19Vgl. etwa Baldus, Gefahrenabwehr in Ausnahmelagen, NVwZ 2006, 532ff.; Gramm, Der wehrlose Verfassungsstaat ?, DVBl. 2006, 653ff.; Linke, Innere Sicherheit durch Bundeswehr ?, AöR (2004), S. 489 (534f); Wiefelspütz, Bundeswehr und innere Sicherheit, NWVBl. 2006, 41ff.; Prantl, Der Abschuss, Süddeutsche Zeitung vom 20. 9. 2007; Glosse Die Harry- Theorie", Frankfurter Allgemeine Zeitung vom 16.02.2006, S. 37.
20Vor diesem Hintergrund ist nicht abzusehen, wie der Bundesminister der Verteidigung trotz seiner Erklärungen vom September 2007 bei einer tatsächlichen Bedrohung durch ein als Waffe benutztes Flugzeug, in dem auch der Antragsteller sitzt, handeln wird. Entscheidungen im Ernstfall sind in der Regel abgewogener als Ankündigungen im politischen Meinungsstreit. Das gilt vor allem dann, wenn eine Entscheidung tragische Auswirkungen hat und dem Entscheidenden selbst u.
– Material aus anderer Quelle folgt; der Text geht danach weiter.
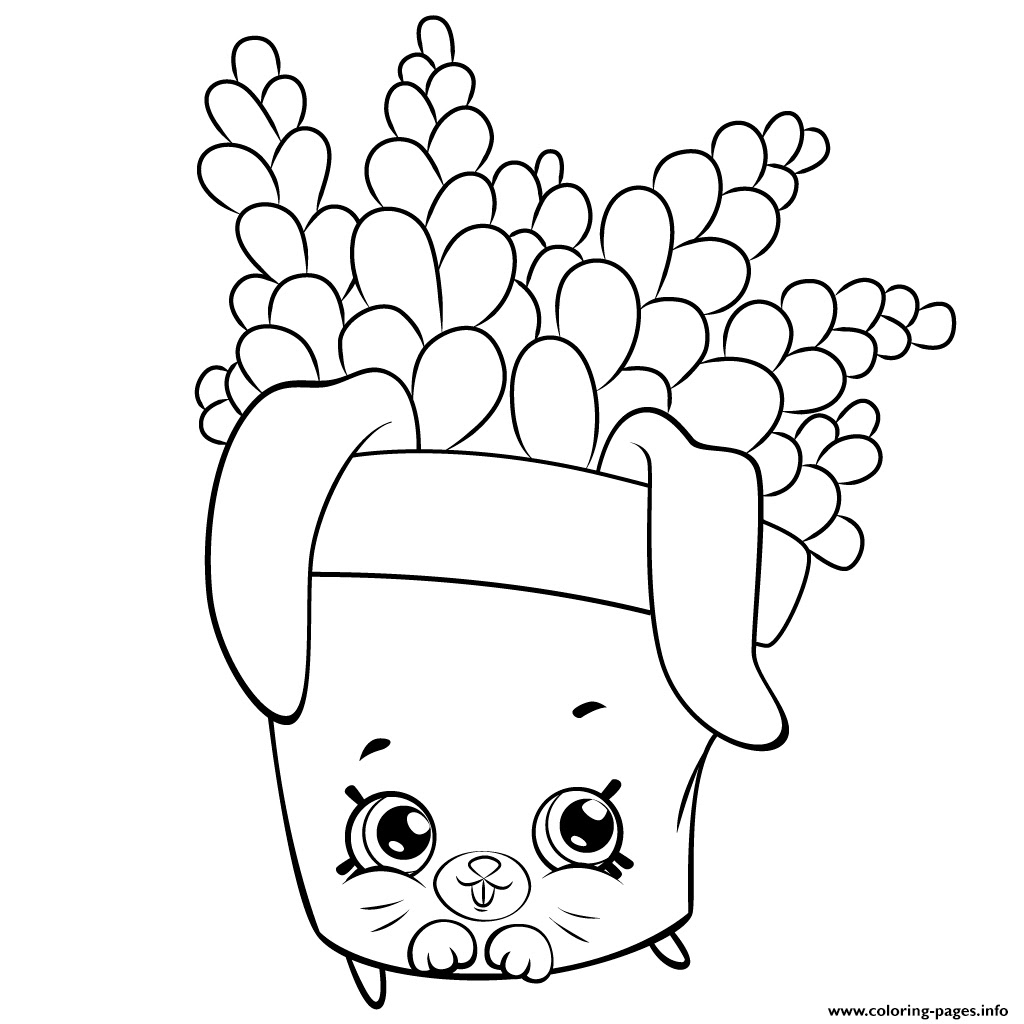 Shopkins Coloring Pages Season 10 / You can down load these. - bmp-city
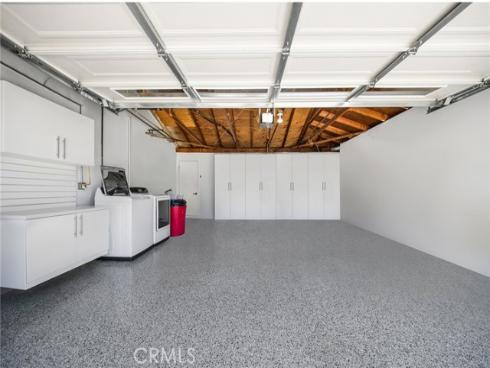 235 22nd Street, Costa Mesa, CA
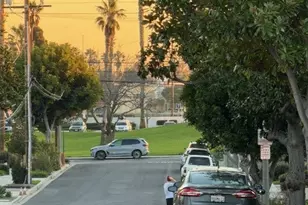 425 Terraine, Long Beach, CA 90814 - Photo 12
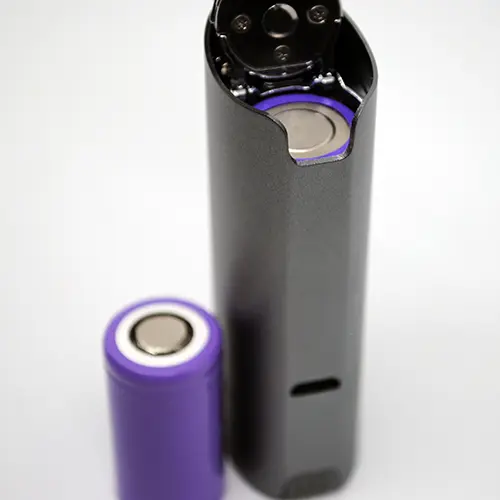 MIQRO Battery MIQRO Battery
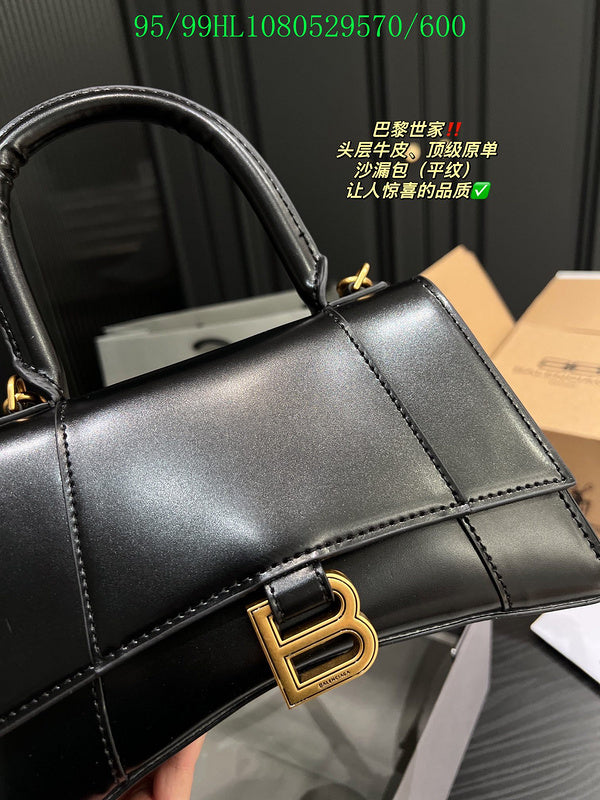 Disarh Fashion - BGA Bags - 1758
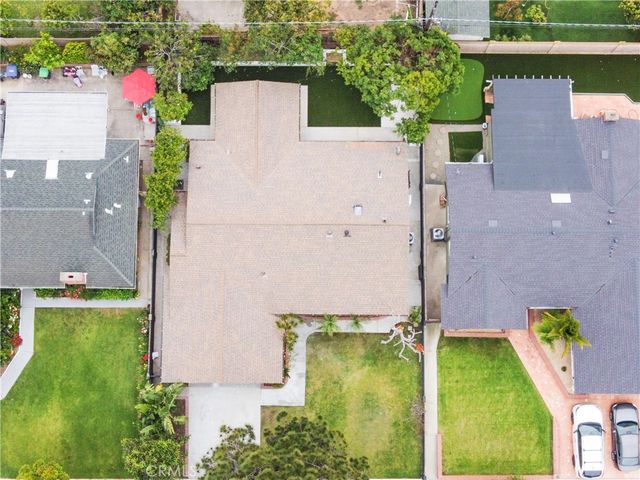 641 Joann Street, Costa Mesa, CA 92627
U. erhebliche strafrechtliche Konsequenzen drohen.
21Gerichtliche Verfahren sollen nur Rechtsschutz gegen hinreichend konkretisierte Eingriffe gewähren und nicht vorbeugend abstrakte Rechtsfragen klären, bei denen die konkreten Umstände des Einzellfalles noch nicht erkennbar sind.
22Vgl. OVG NRW, Beschluss vom 14. Februar 2007 - 12 A 3565/06 -.
23Dass es dabei zu Situationen kommen kann, in denen ein nachträglicher Rechtsschutz nicht mehr erlangt werden kann und nur der Täter noch strafrechtlich zur Verantwortung gezogen werden kann, ist als Teil des allgemeinen Lebensrisikos nie auszuschließen. Dieses Risiko ist hier nicht höher als in anderen Fällen, in denen die Rechtsordnung wie z. B. bei einer vorgeschriebenen Schutzimpfung eine Gefährdung des Lebens im Interesse der Allgemeinheit hinnimmt, oder in denen jeder Einzelne sich selbst - etwa bei der Teilnahme am Straßenverkehr oder bei einer Operation - in Gefahr begibt.
24Die Kostentscheidung folgt aus § 154 Abs. 2 VwGO, die Streitwertfestsetzung aus den §§ 52 Abs.2, 53 Abs. 1 GKG.